DATASET SECTION:
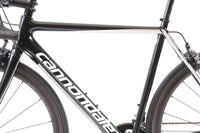 2017 Cannondale Supersix Evo, Shimano 105, Size 52cm
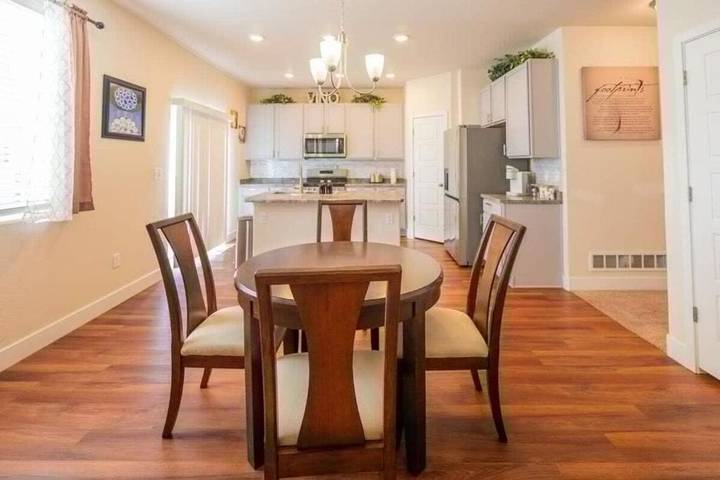 Vacation house for 8 people in Colorado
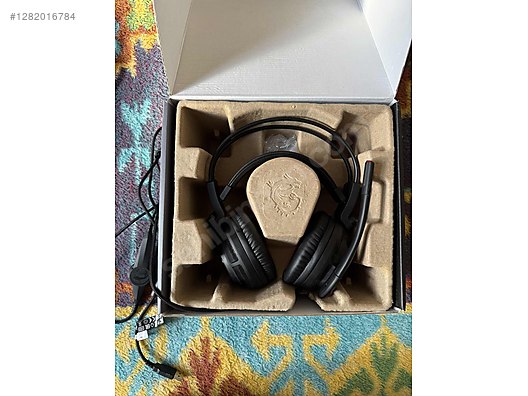 Used & Brand New Items / Gaming & Gamers Exclusive / Gaming Equipment / Gaming Headset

WHAT IS BEING ASKED: Beginning with the line that holds "Vacation house for 8 people in Colorado", output each line to the end of the material above, exactly, omitting the pictures.

OUTPUT FOR THIS EXERCISE:
 Vacation house for 8 people in Colorado
 Used & Brand New Items / Gaming & Gamers Exclusive / Gaming Equipment / Gaming Headset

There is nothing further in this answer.